## The data
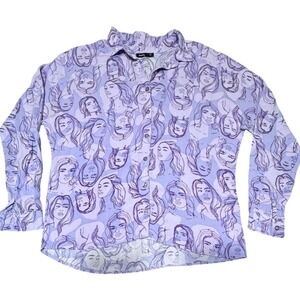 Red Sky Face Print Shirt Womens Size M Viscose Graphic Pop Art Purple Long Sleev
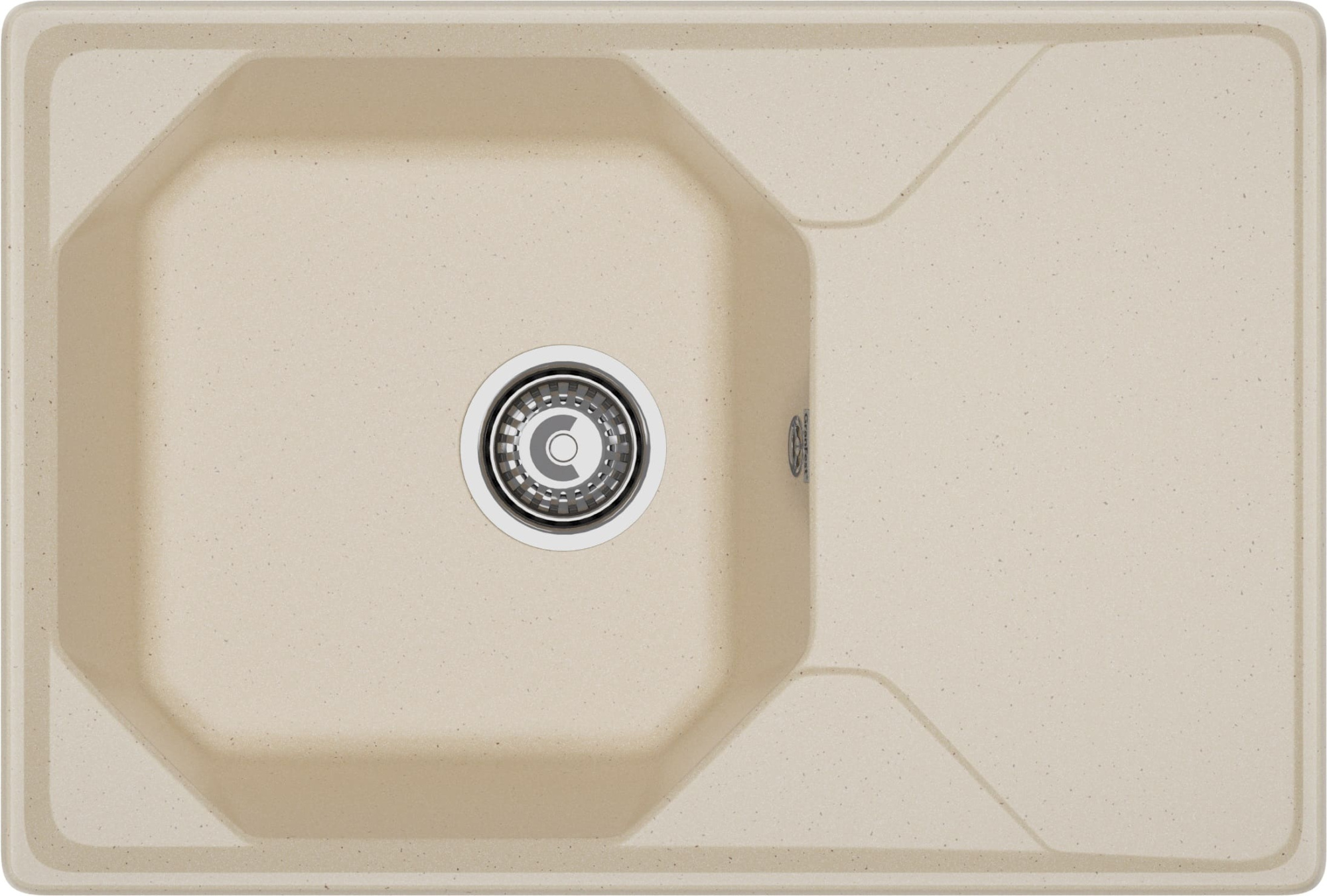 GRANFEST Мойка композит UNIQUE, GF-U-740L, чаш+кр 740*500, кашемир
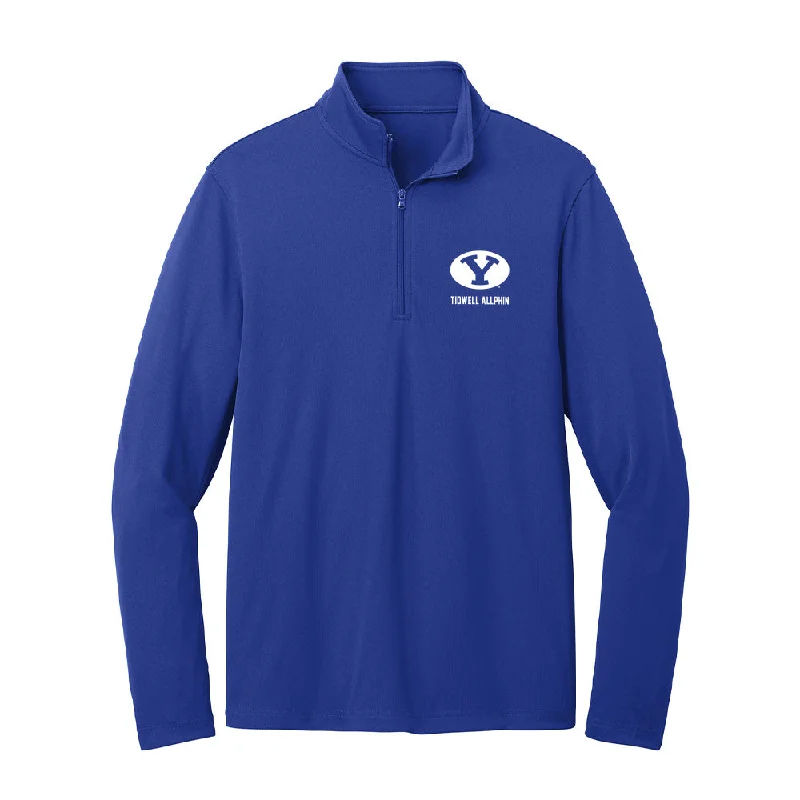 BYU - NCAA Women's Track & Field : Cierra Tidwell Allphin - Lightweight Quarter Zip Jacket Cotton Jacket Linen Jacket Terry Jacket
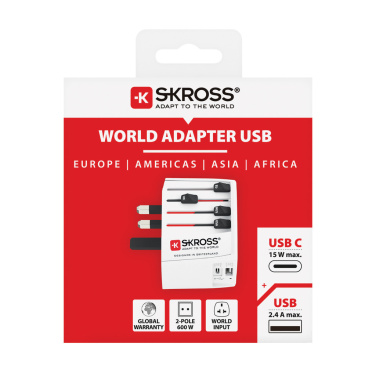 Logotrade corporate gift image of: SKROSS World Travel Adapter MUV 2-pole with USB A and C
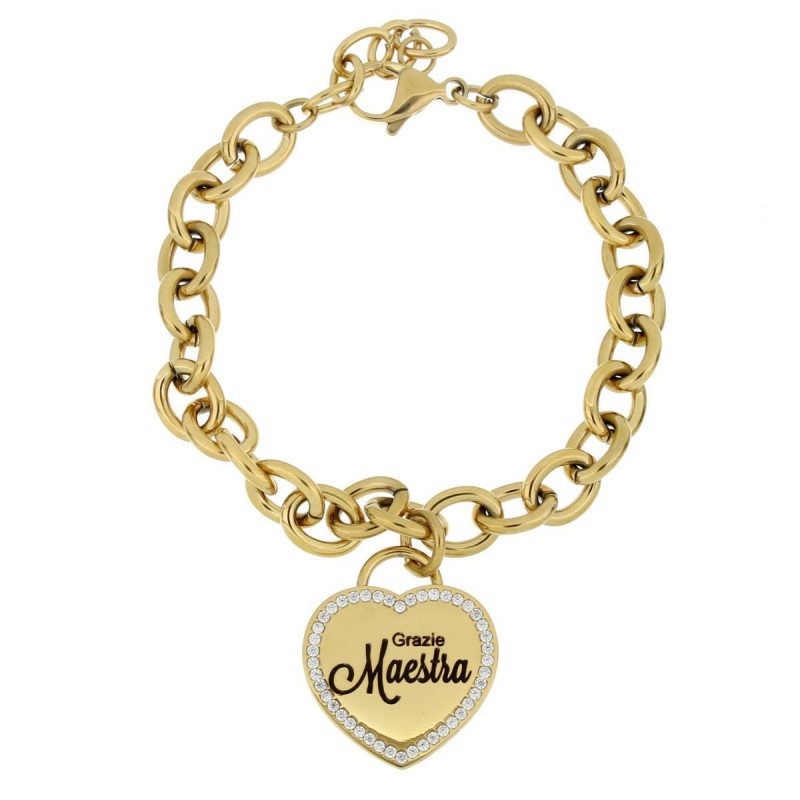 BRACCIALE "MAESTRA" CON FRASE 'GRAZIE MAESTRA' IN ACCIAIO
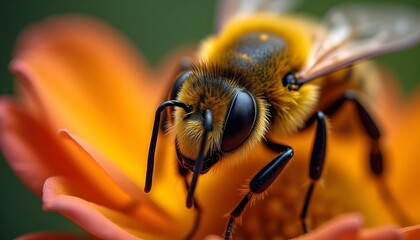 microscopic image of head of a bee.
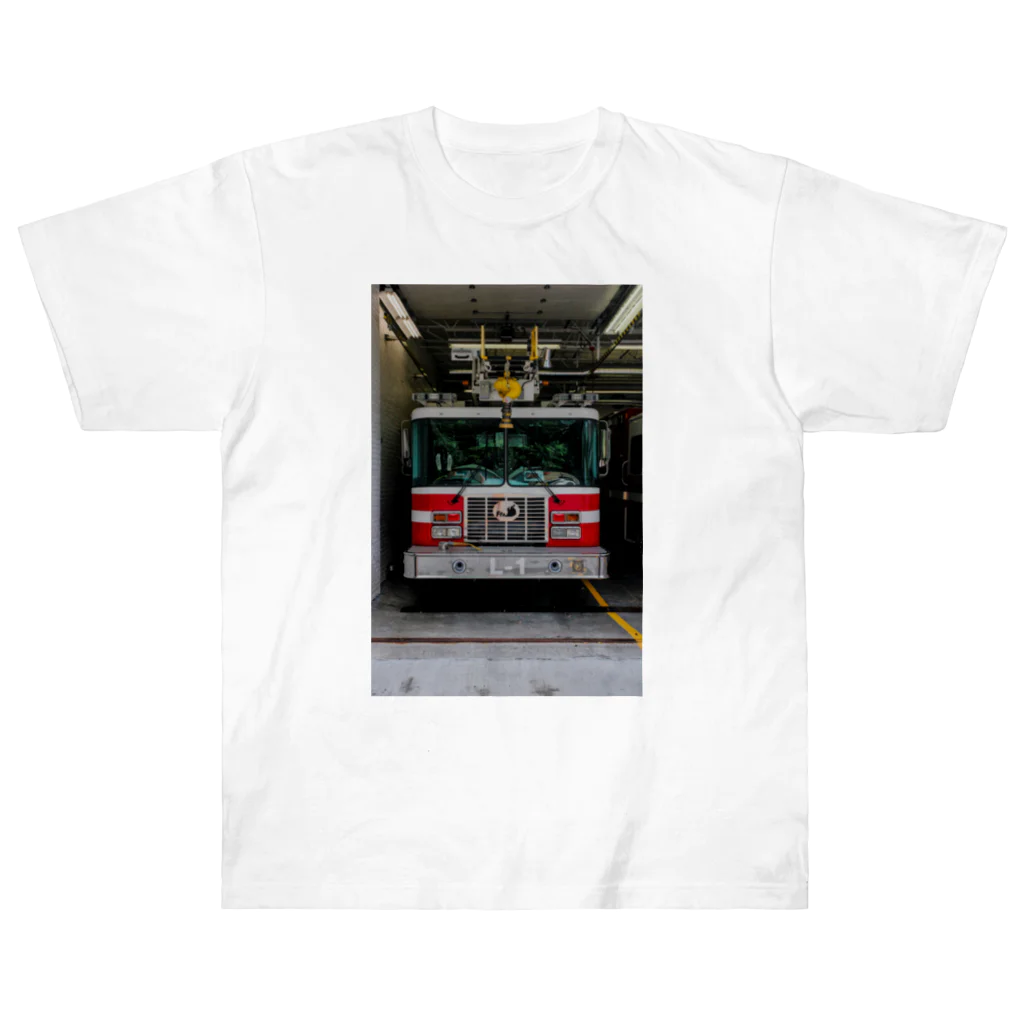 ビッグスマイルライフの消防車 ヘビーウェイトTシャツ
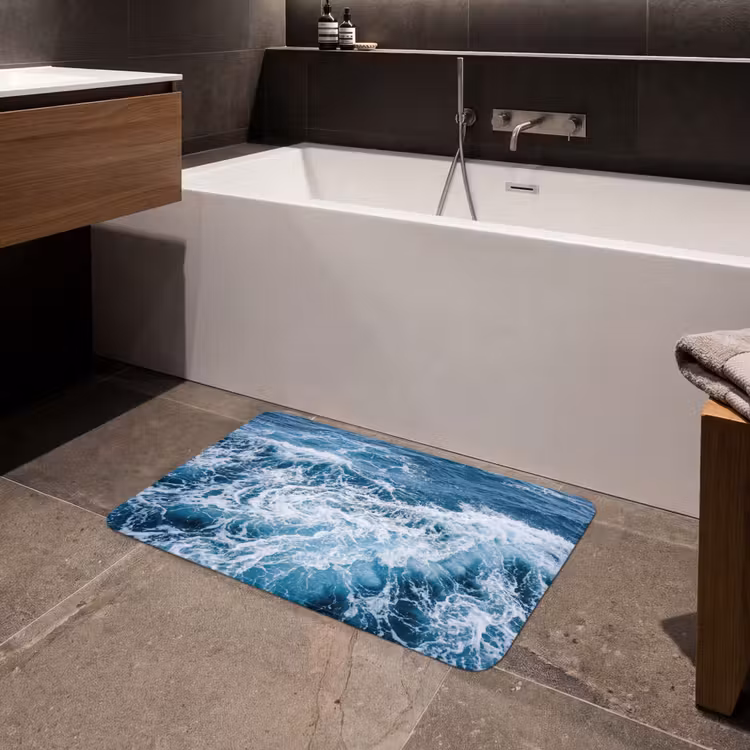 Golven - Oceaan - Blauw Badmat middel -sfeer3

## The task
Please retype the entries above word for word, but only from the line containing "GRANFEST Мойка композит" through the last line, and without the pictures.

## Task solution
 GRANFEST Мойка композит UNIQUE, GF-U-740L, чаш+кр 740*500, кашемир
 BYU - NCAA Women's Track & Field : Cierra Tidwell Allphin - Lightweight Quarter Zip Jacket Cotton Jacket Linen Jacket Terry Jacket
 Logotrade corporate gift image of: SKROSS World Travel Adapter MUV 2-pole with USB A and C
 BRACCIALE "MAESTRA" CON FRASE 'GRAZIE MAESTRA' IN ACCIAIO
 microscopic image of head of a bee.
 ビッグスマイルライフの消防車 ヘビーウェイトTシャツ
 Golven - Oceaan - Blauw Badmat middel -sfeer3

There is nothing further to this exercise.